### WHAT YOU HAVE TO DO
Write out every record below exactly as it stands, leaving the pictures out.

*** INPUT FOR THIS TASK ***

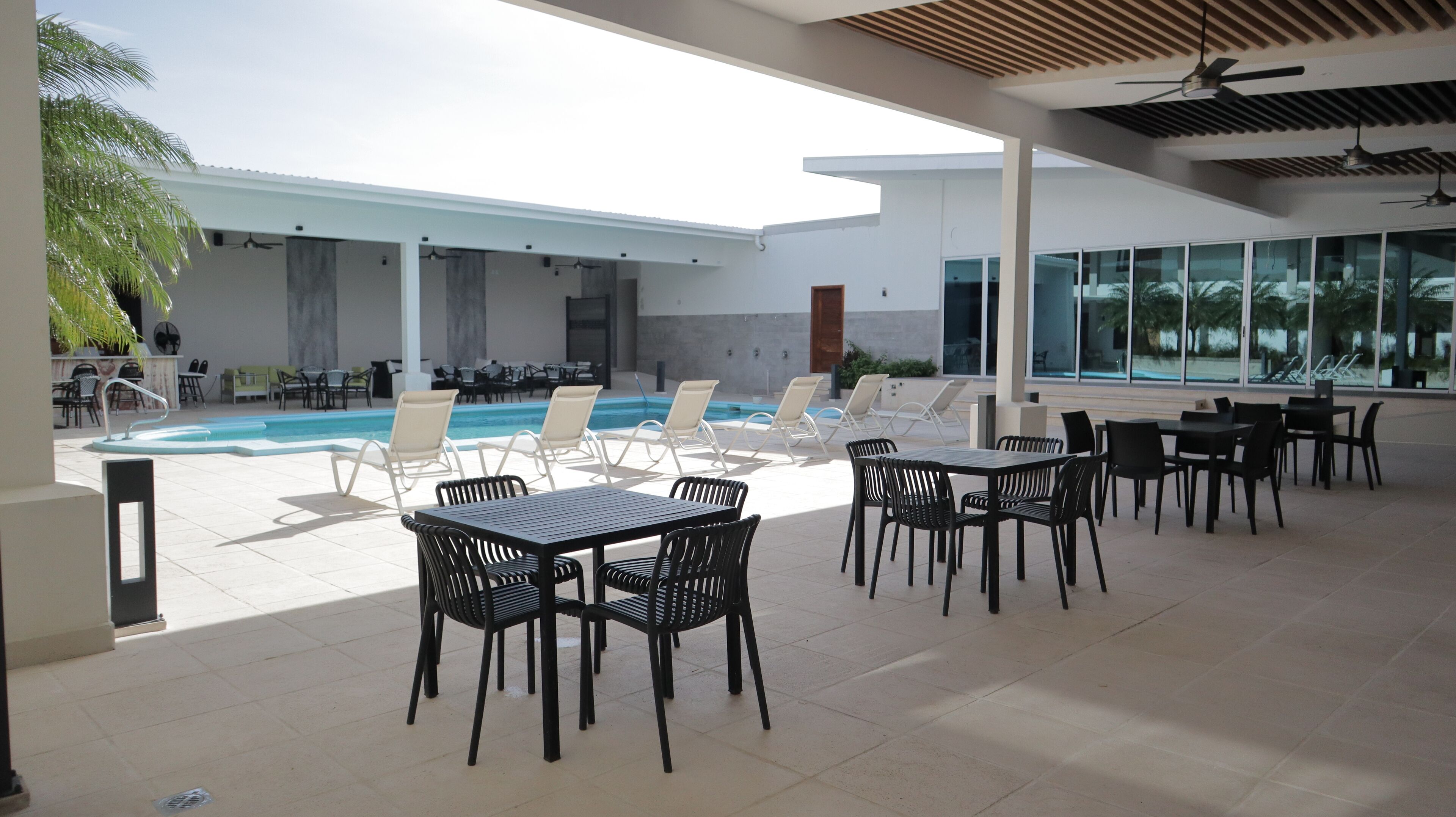Un'area piscina con lettini e tavoli, una piscina e un edificio con ampie finestre.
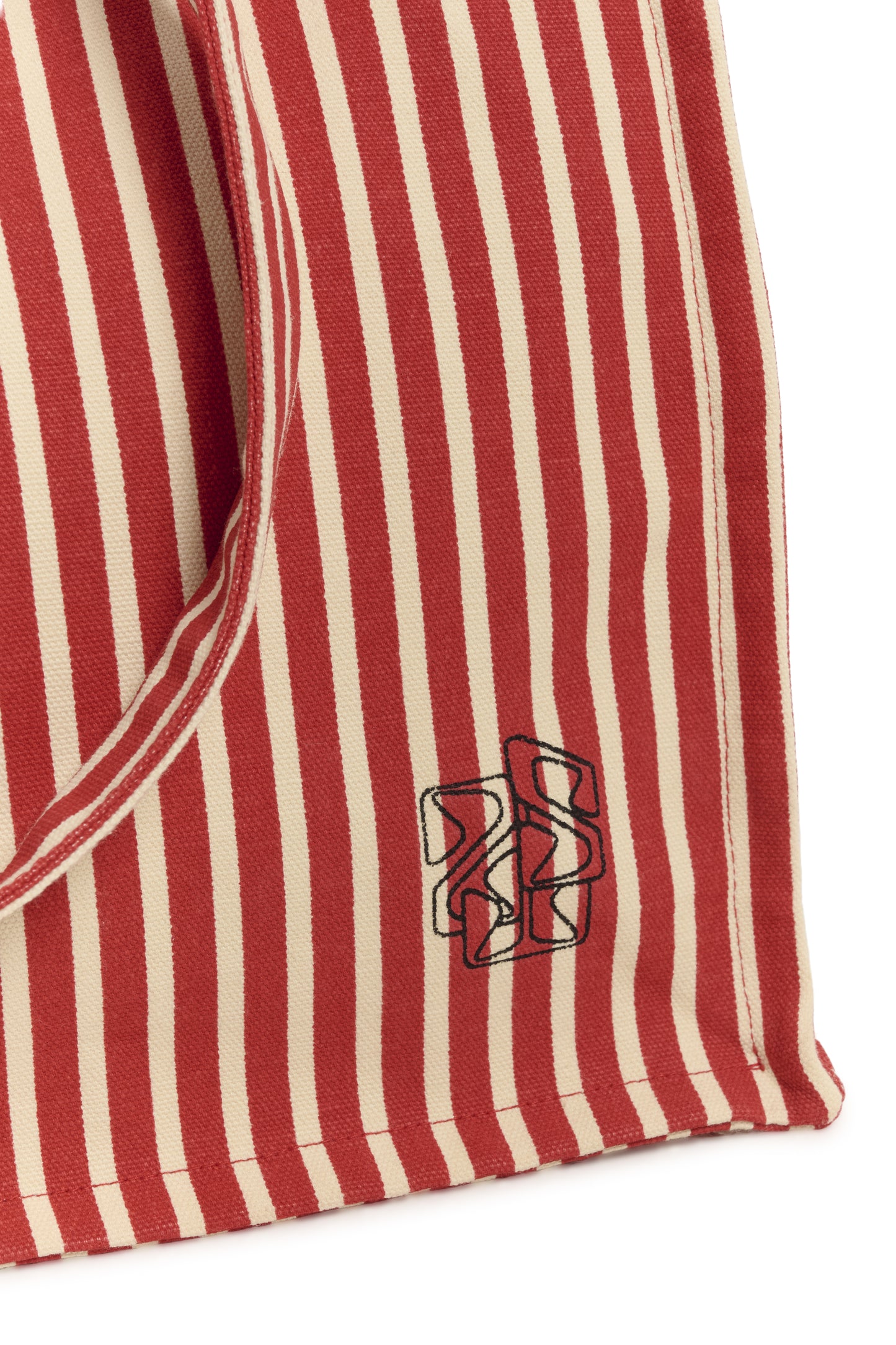 Red and white striped fabric with a logo on a white background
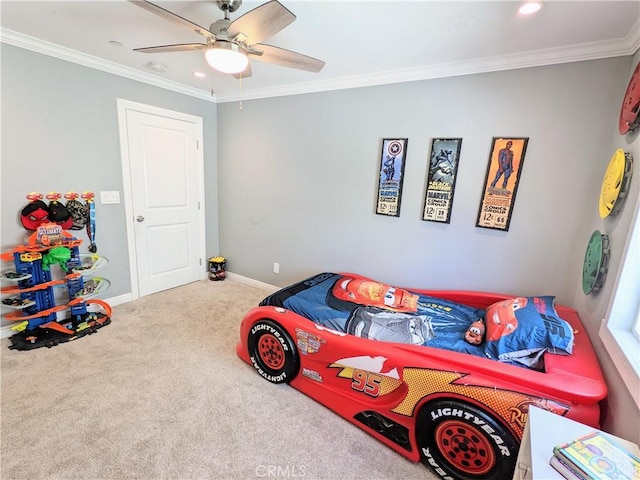 carpeted bedroom featuring ornamental molding, ceiling fan, and baseboards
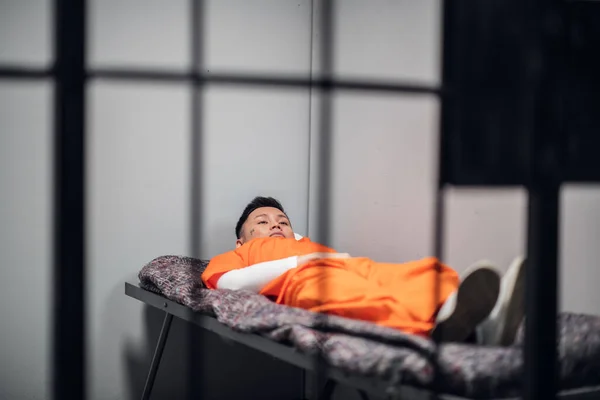 Een gevangene in een Aziatische gevangenis ligt op een bed in een rood gevangenenuniform in een eenzame cel.. — Stockfoto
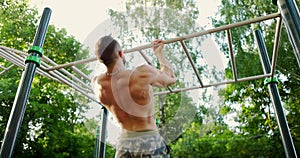 Strong athlete doing pull-up on horizontal bar.Young athletic man showing back at sports ground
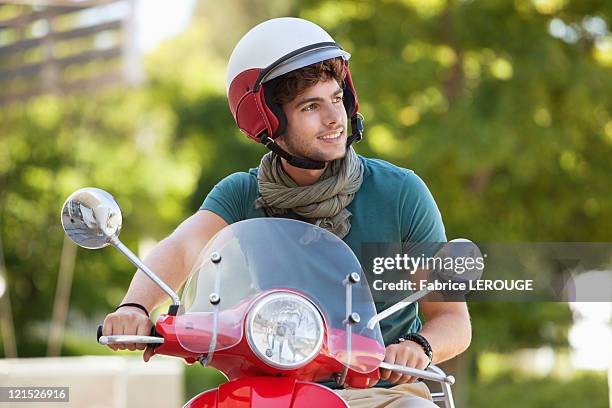 man riding a scooter - man with scooter stock pictures, royalty-free photos & images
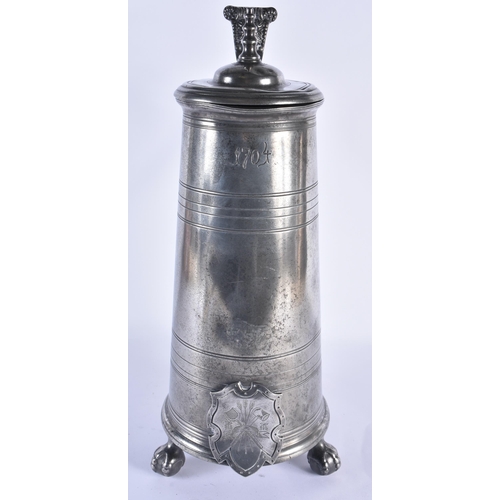 809 - A LARGE ANTIQUE ARMORIAL PEWTER FLAGON bearing 1704 date to top. 48 cm high.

***

### TASK OUTPUT
Un'area piscina con lettini e tavoli, una piscina e un edificio con ampie finestre.
 Red and white striped fabric with a logo on a white background
 carpeted bedroom featuring ornamental molding, ceiling fan, and baseboards
 Een gevangene in een Aziatische gevangenis ligt op een bed in een rood gevangenenuniform in een eenzame cel.. — Stockfoto
 Strong athlete doing pull-up on horizontal bar.Young athletic man showing back at sports ground
 man riding a scooter - man with scooter stock pictures, royalty-free photos & images
 809 - A LARGE ANTIQUE ARMORIAL PEWTER FLAGON bearing 1704 date to top. 48 cm high.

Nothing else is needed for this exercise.